Forget locking gold away in bank vaults; the rich have found a new way to make their bullion work overtime. Gold prices are smashing records worldwide, and wealthy investors are no longer satisfied with waiting for prices to rise.
The hottest trend now is gold leasing, where owners "rent out" their idle gold to jewellers and refiners and collect interest like a monthly paycheck.
Industry experts say the game has completely changed.
“People are no longer just buying gold and waiting for it to hit $5,000,” Keith Weiner of Monetary Metals told CNBC, as investors rush to turn their gold into a money-making machine.
Even in India, demand has exploded. Lease rates that used to hover around 2–3% have suddenly shot up to 6–7%, powered by the festive season, wedding rush, and a shortage of gold supply.
Digital gold platforms have made things even easier, turning everyday customers into gold lenders.
The numbers tell the real story; one leasing firm saw its gold transactions jump from a modest 2 million to a staggering 40 million this year.
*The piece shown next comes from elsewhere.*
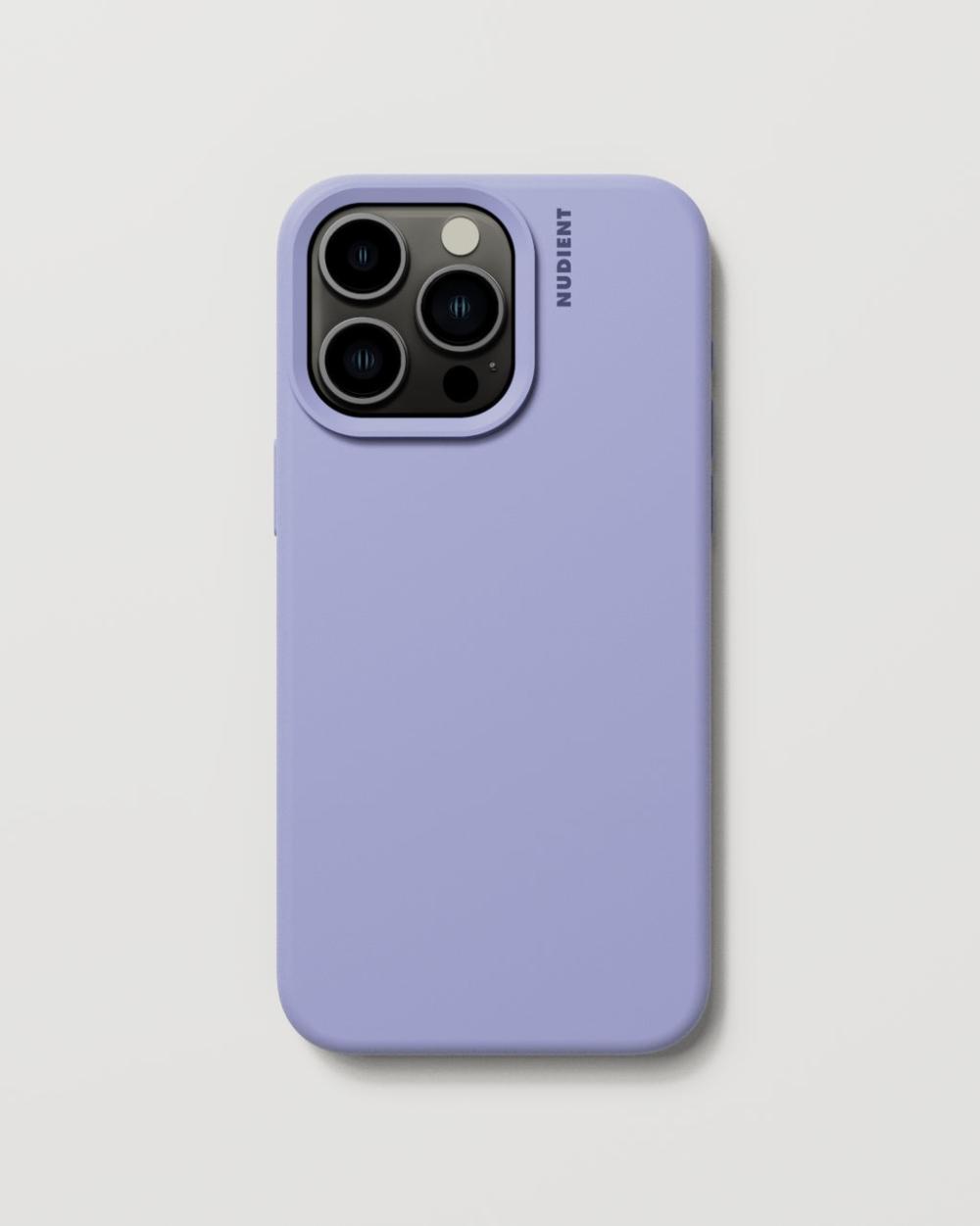 iPhone 15 Pro Max | Base Case – Soft Purple / iPhone 15 Pro Max iPhone 15 Pro Max iPhone 15 Pro Max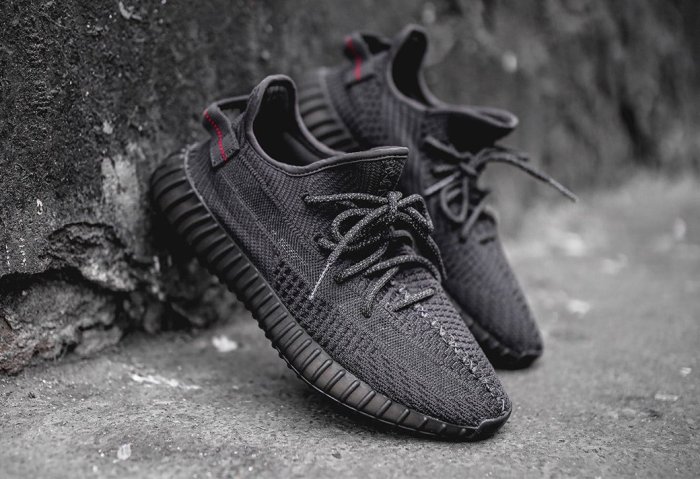 コール adidas Yeezy Boost 350 V2 Black 27.5cm FU9006 - メンズシューズ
HNIs are lining up to join the party.
“We’re getting calls from people saying they have ₹1–2 crore worth of gold bars and want to lease them,” said SafeGold founder Gaurav Mathur, calling it a massive shift in investor behaviour.
The mechanism is simple but powerful. Investors hand over their gold to a leasing platform, which then supplies it to jewellers or manufacturers who need metal to make jewellery and products.
Instead of taking risky loans or worrying about fluctuating gold prices, these businesses simply borrow gold, sell their finished goods, and return the same amount of gold later; plus extra grams as interest.
Investors enjoy 2–7% returns paid directly in gold, and at the end of the term, they get back more gold than they originally handed over.
But this glittering trend comes with shadows. The biggest fear is default; if a jeweller goes bankrupt, the investor’s gold could vanish.
Rising gold prices during the lease period could also mean the lender misses out on big profits from selling. Liquidity is another headache, as leased gold cannot be recalled instantly.
And operational risks; like loss, theft or mishandling; always lurk in the background.
Some platforms claim to protect investors through strict due diligence and bank guarantees, but trust remains a major factor.
There’s also a reality check for small investors. Gold leasing is not designed for people with a few grams lying at home.
Most programs demand large minimum quantities, often hundreds of grams, making it a playground largely reserved for institutional players and the ultra-wealthy.
For everyone else, experts say options like Sovereign Gold Bonds, digital gold, or ETFs make far more sense.
Still, one thing is clear: gold is no longer just something you buy for security. In 2025, it has become a weapon for passive income; a shining asset that can earn like a fixed deposit.
And with billionaires like Eric Sprott and Seth Klarman rooting for gold as a shield against global instability, the leasing frenzy is only set to grow.